Behavior Metadata without (tsv) Event Data Related to a Neuroimaging Data

What is the best way to store hierarchical behavior data related to neuroimaging data that doesn’t have any accompanying events?

In a specific case, I have some resting state EEG data (that doesn’t need a tsv because there are no events, it’s resting data) but I have metadata that can only be stored hierarchically; in this case it’s survey data broken down into subgroups and medication data (med-> when was is last given, what was the dose).

Currently I have it stored as a json sidecar file to the sub-{sub}/beh/{basename}_events.tsv with the tsv file empty (with one dummy variable). This seems very hacky (although it passes the validator) and so I suppose there is a better structure with which to store these data.

Is this section about phenotypic data in the bids spec relevant at all to you?

If not, can you perhaps provide a mock-example of your folder structure?

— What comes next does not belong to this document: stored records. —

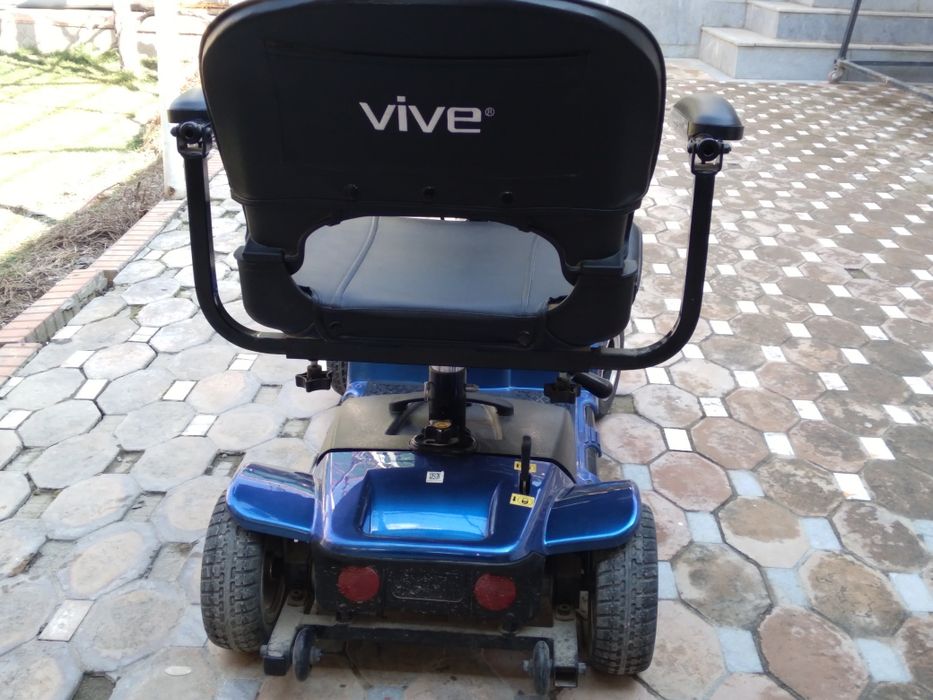 Новый скутер  для инвалидов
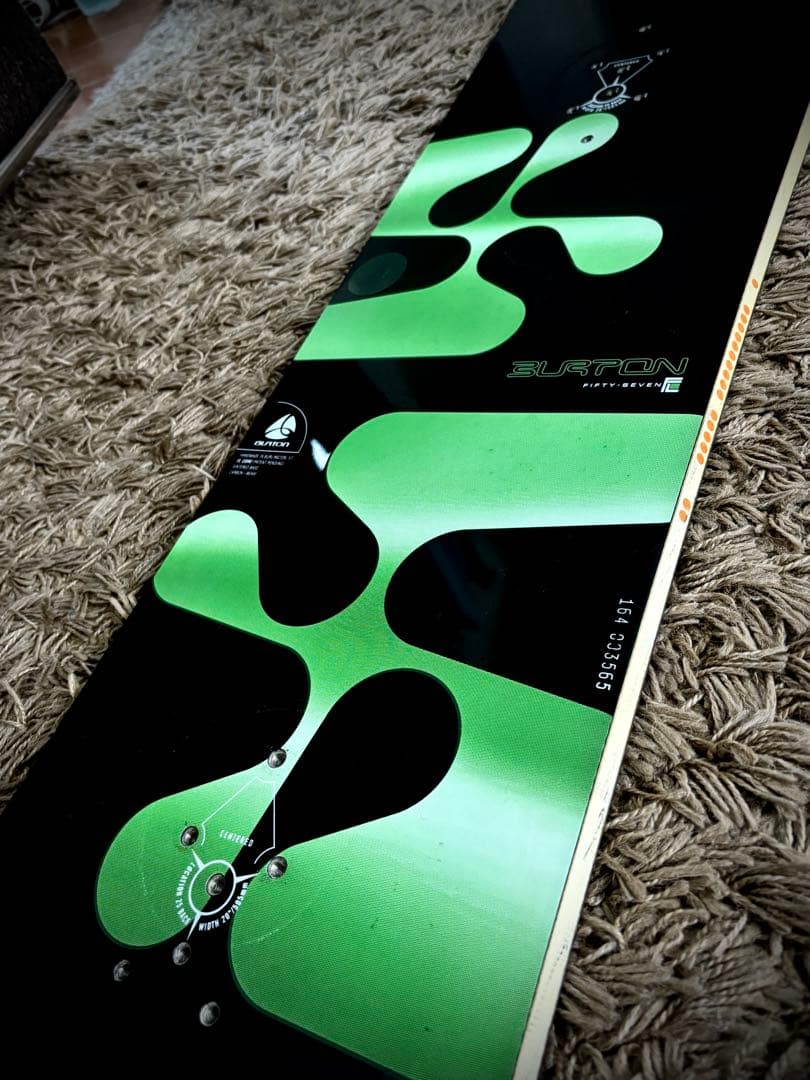 バートン スノーボード FL project 157cm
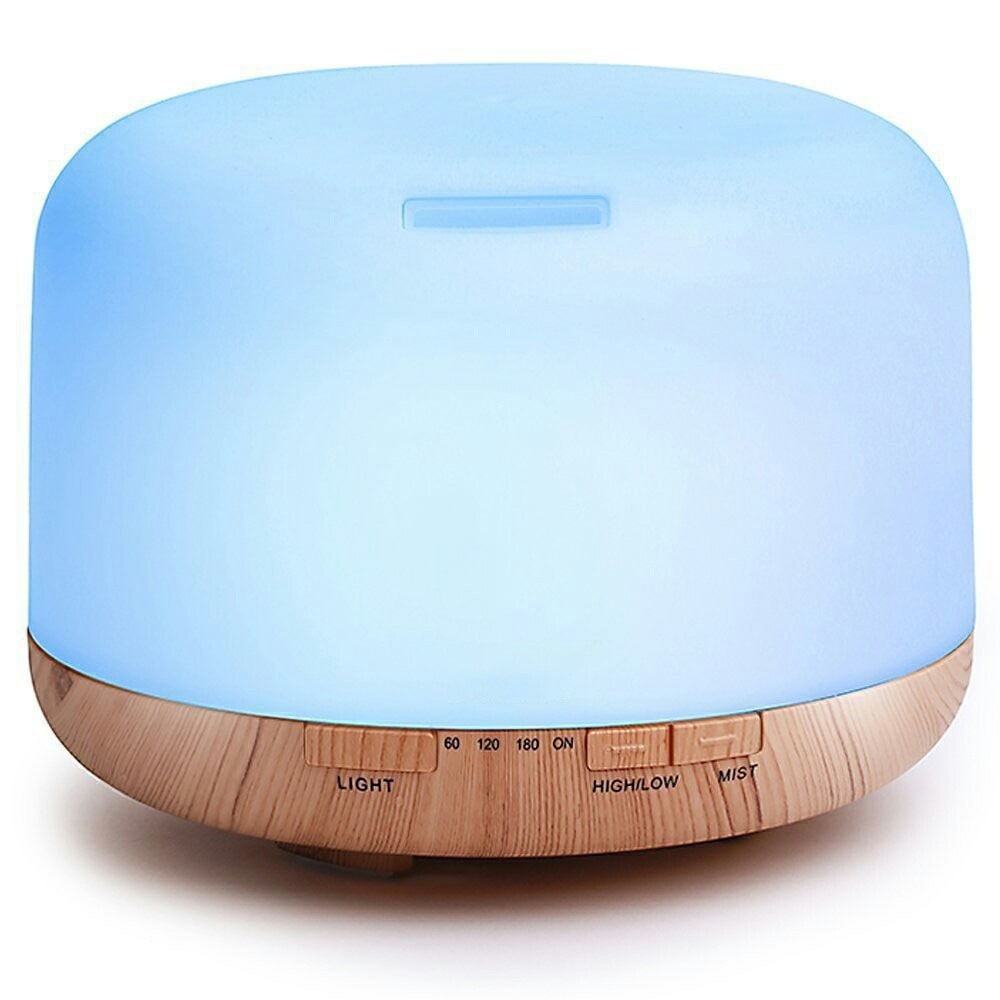 Serene Aura Diffuser with Remote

Something like this, using the tree tool:

foo/
└── bar
    └── no.txt

that might help to better understand your problem :slight_smile:

Perfect! I had never seen the phenotype directory used before.

Perhaps it would be useful to have this directory in some of the example datasets…

Hmmm now that I’m actually trying to use it, it looks like it has to be under root/phenotype and the issue is that for each subject there are different numbers of medications/questionnaires given for instance here are two different tsv files that could work but would need to be in a specific beh/phenotype directory to that EEG data

        Dose (mg)       times/day       hours since meds
Lev     25/100  3       3
Ras     1       1       11.5


        Dose (mg)       times/day       hours since meds
Sel     5       2       2.5
Pr      1.5     3       2.5

Perhaps it would be useful to have this directory in some of the example datasets…

yes, the phenotype directory is not very well advertised, I agree. See also this issue and the PR linked therein. Further improvements in the form of a PR are welcome.

this is one example: https://openneuro.org/datasets/ds000030/versions/1.0.0

the issue is that for each subject there are different numbers of medications/questionnaires given

mmmh, I see. Why would it not work if each participant is a row and you make a column for each medication?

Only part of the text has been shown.